### What to do
Reproduce the listing below exactly. Pictures do not belong in the copy.
[Dataset content Boundary: Start]
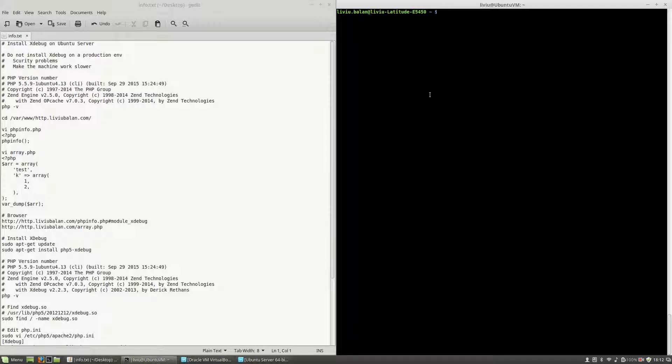Hello, I'm Liviu Balan and today I will show you how to install xDebug on Ubuntu Server.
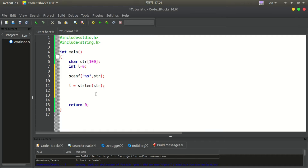When the value of l is the length, the loop iterates equal to the character. Now, we have to use the string. The loop runs while l equals the length. If we call the length, you do not have to do that separately. We can use the length directly.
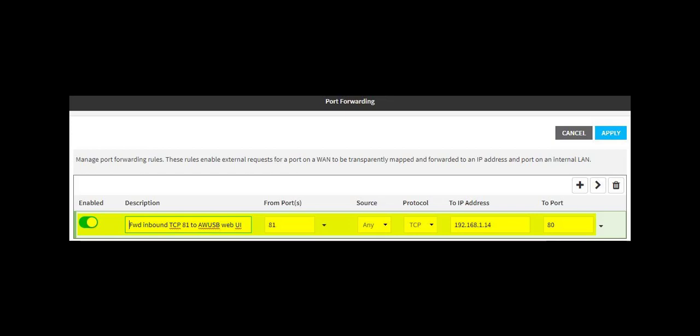The To IP Address field is the LAN IP address of the AnywhereUSB. Because the AnywhereUSB web server listens on the standard HTTP port 80, this should be used in the To Port field.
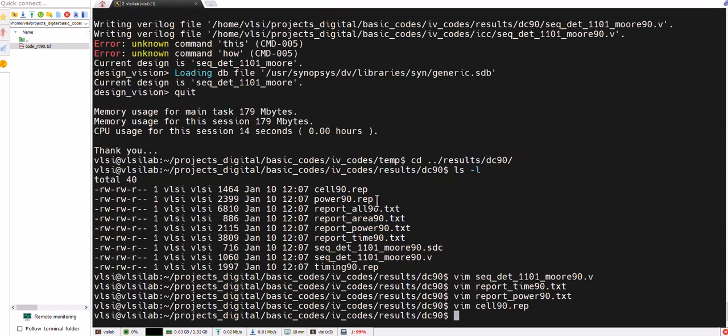We will see later on in coming design modules where we can have the exploration of the design vision in more details. But right now I hope this short description and how we can run and make TCL files and how we can check the reports and how can generate the report as well.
[Dataset content Boundary: End]
### Output for this exercise
Hello, I'm Liviu Balan and today I will show you how to install xDebug on Ubuntu Server.
When the value of l is the length, the loop iterates equal to the character. Now, we have to use the string. The loop runs while l equals the length. If we call the length, you do not have to do that separately. We can use the length directly.
The To IP Address field is the LAN IP address of the AnywhereUSB. Because the AnywhereUSB web server listens on the standard HTTP port 80, this should be used in the To Port field.
We will see later on in coming design modules where we can have the exploration of the design vision in more details. But right now I hope this short description and how we can run and make TCL files and how we can check the reports and how can generate the report as well.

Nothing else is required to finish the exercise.